Mensaje de papa
Francisco para la
Jornada Mundial de la Alimentación (Ciudad del Vaticano, 16 de octubre
de 2014)
Al Señor José Graziano da Silva
Director general de la FAO
1. Un año más, la Jornada Mundial de
la Alimentación
se hace eco del grito de tantos hermanos y hermanas nuestros que en diversas
partes del mundo no tienen el pan de cada día. Por otra parte, nos hace pensar
en la enorme cantidad de alimentos que se desperdician, en los productos que se
destruyen, en la especulación con los precios en nombre del dios beneficio. Es
una de las paradojas más dramáticas de nuestro tiempo, a la que asistimos con
impotencia, pero a menudo también con indiferencia, «incapaces de compadecernos
ante los clamores de los otros, [...] como si todo fuera una responsabilidad
ajena que no nos incumbe» (Evangelii Gaudium, 54).
A pesar de los
avances que se están realizando en muchos países, los últimos datos siguen
presentando aún una situación inquietante, a la que ha contribuido la
disminución general de la ayuda pública al desarrollo. Pero más allá de los
datos, hay un aspecto importante del problema que no ha recibido todavía la
debida consideración en las políticas y planes de acción: quienes sufren la
inseguridad alimentaria y la desnutrición son personas y no números, y
precisamente por su dignidad de personas, están por encima de cualquier cálculo
o proyecto económico.
También el tema
propuesto por la FAO
para la presente Jornada – Agricultura familiar: Alimentar al mundo, cuidar el
planeta – pone de relieve la necesidad de partir de las personas, como
individuos o como grupos, a la hora de proponer nuevas formas y modos de
gestión de los diferentes aspectos de la alimentación. En concreto, es
necesario reconocer cada vez más el papel de la familia rural y desarrollar
todas sus potencialidades. Este año dedicado a la agricultura familiar, que
ahora concluye, ha servido para constatar de nuevo que la familia rural puede
responder a la falta de alimentos sin destruir los recursos de la creación.

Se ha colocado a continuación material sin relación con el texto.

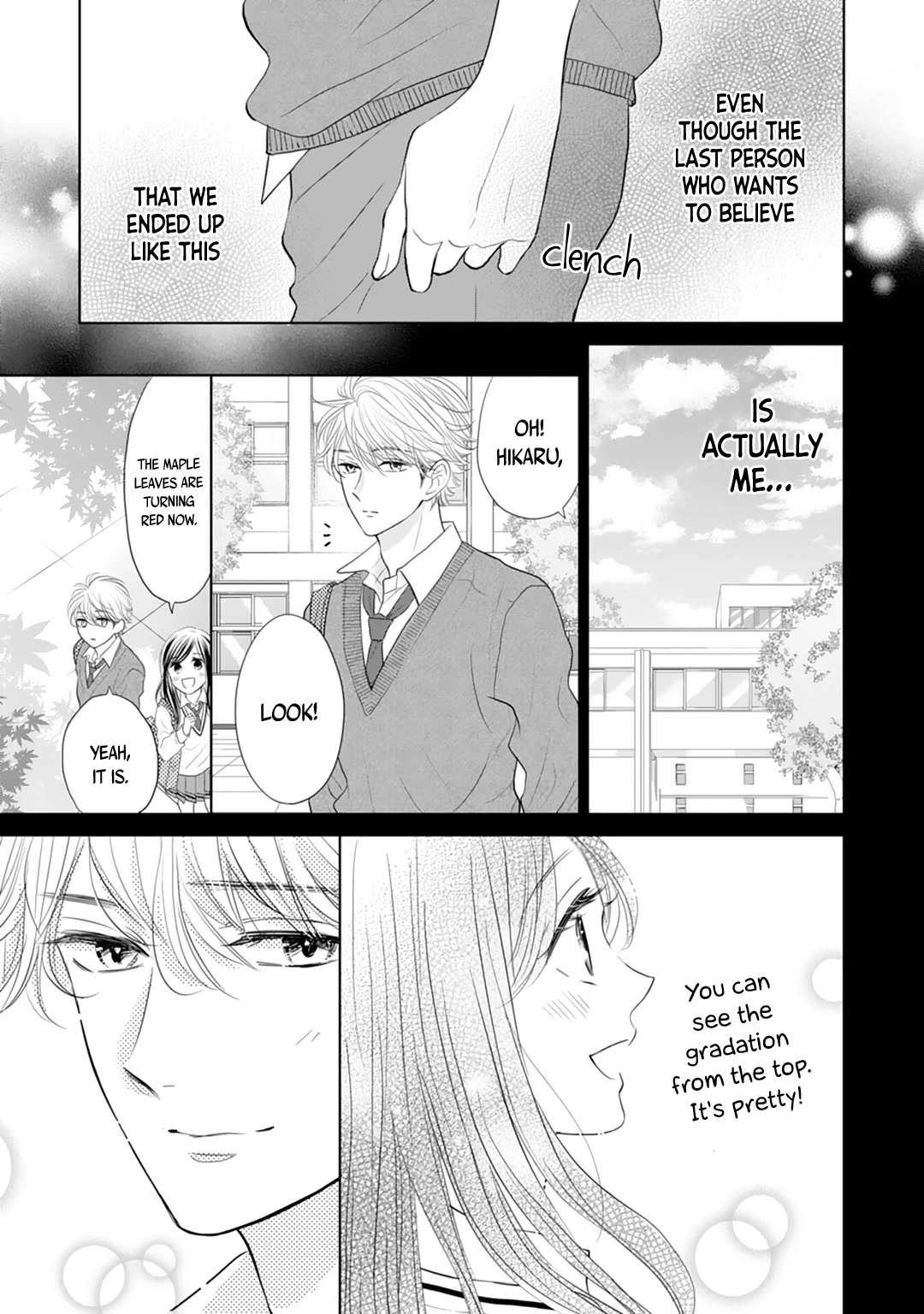 Senpai wa, Ijiwaru ni Tsuki Chapter 15 page 10 - Chapter 15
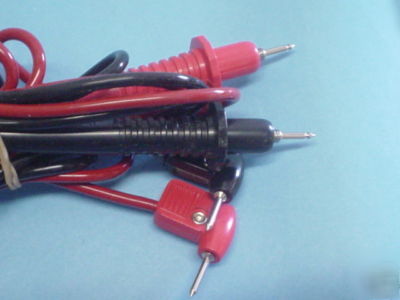 New pomona pin tip banana plug hh smith test leads lot 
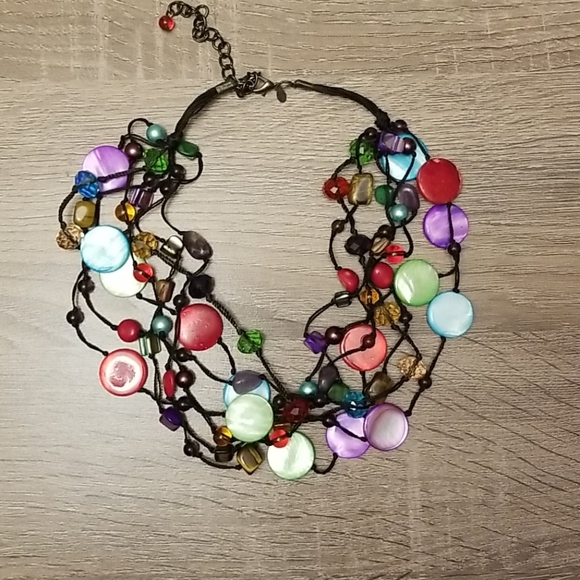 Premier Designs Jewelry - Pop of color necklace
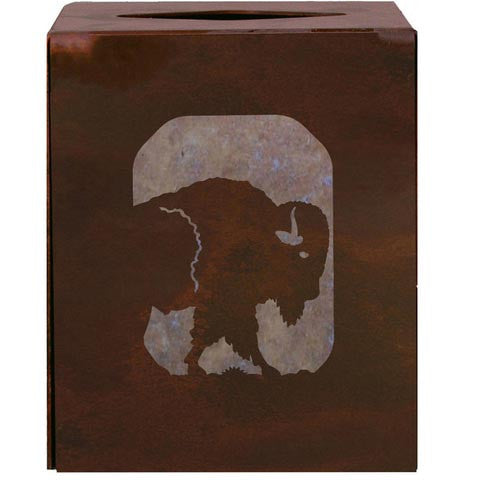Buffalo Square Tissue Cover
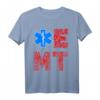 Notfallsanitäter EMT Star Of Life T-Shirt  Rettungsdienst & Ersthelfer Geschenk für Sanitäter, Krankenpfleger & Rettungssanitäter
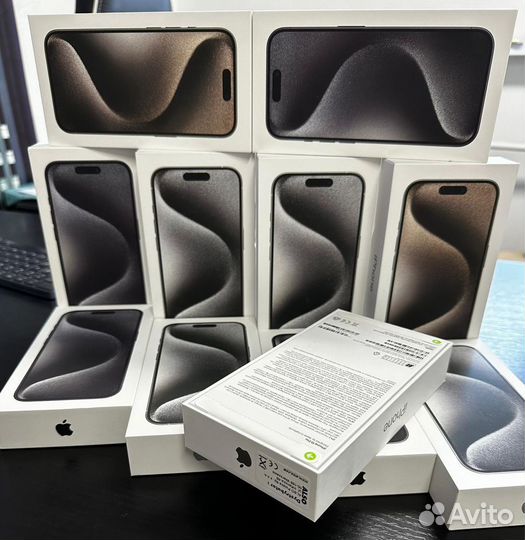 Новый, iPhone 15 Pro Max, 256 GB, Sim + eSim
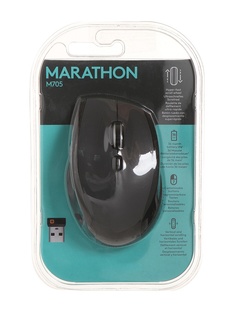 Мышь Logitech Marathon Mouse M705 Black USB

Pero, para ello, hemos de estar atentos a sus necesidades, no sólo técnicas,
sino también humanas, espirituales, sociales y, por otra parte, tenemos que
aprender de su experiencia, de su capacidad de trabajo y, sobre todo, de ese
vínculo de amor, solidaridad y generosidad, que hay entre sus miembros y que
está llamado a convertirse en un modelo para la vida social.
La familia, de hecho,
favorece el diálogo entre diversas generaciones y pone las bases para una
verdadera integración social, además de representar esa deseada sinergia entre
trabajo agrícola y sostenibilidad: ¿quién se preocupa más que la familia rural
por preservar la naturaleza para las próximas generaciones? ¿y a quién le
interesa más que a ella la cohesión entre las personas y los grupos sociales?

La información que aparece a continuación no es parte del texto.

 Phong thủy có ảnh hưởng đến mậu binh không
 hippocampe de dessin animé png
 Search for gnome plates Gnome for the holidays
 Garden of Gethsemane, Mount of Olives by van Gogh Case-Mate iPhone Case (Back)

Ciertamente las normas y las iniciativas en favor de la familia, en el ámbito
local, nacional e internacional, distan mucho de colmar sus exigencias reales y
esto es un déficit que hay que atajar. Está muy bien que se hable de la familia
rural y que se celebren años internacionales para recordar su importancia, pero
no es suficiente: esas reflexiones tienen que dar paso a iniciativas concretas.
2. Defender a las
comunidades rurales frente a las graves amenazas de la acción humana y de los
desastres naturales no debería ser sólo una estrategia, sino una acción
permanente que favorezca su participación en la toma de decisiones, que ponga a
su alcance tecnologías apropiadas y extienda su uso, respetando siempre el
medio ambiente. Actuar así puede modificar la forma de llevar a cabo la
cooperación internacional y de ayudar a los que pasan hambre o sufren
desnutrición.
Nunca como en este
momento ha necesitado el mundo que las personas y las naciones se unan para
superar las divisiones y los conflictos existentes, y sobre todo para buscar
vías concretas de salida de una crisis que es global, pero cuyo peso soportan
mayormente los pobres. Lo demuestra precisamente la inseguridad alimentaria: si
bien es cierto que, en diversa medida, afecta a todos los países, la parte más
débil de la población mundial recibe sus efectos antes y con más fuerza.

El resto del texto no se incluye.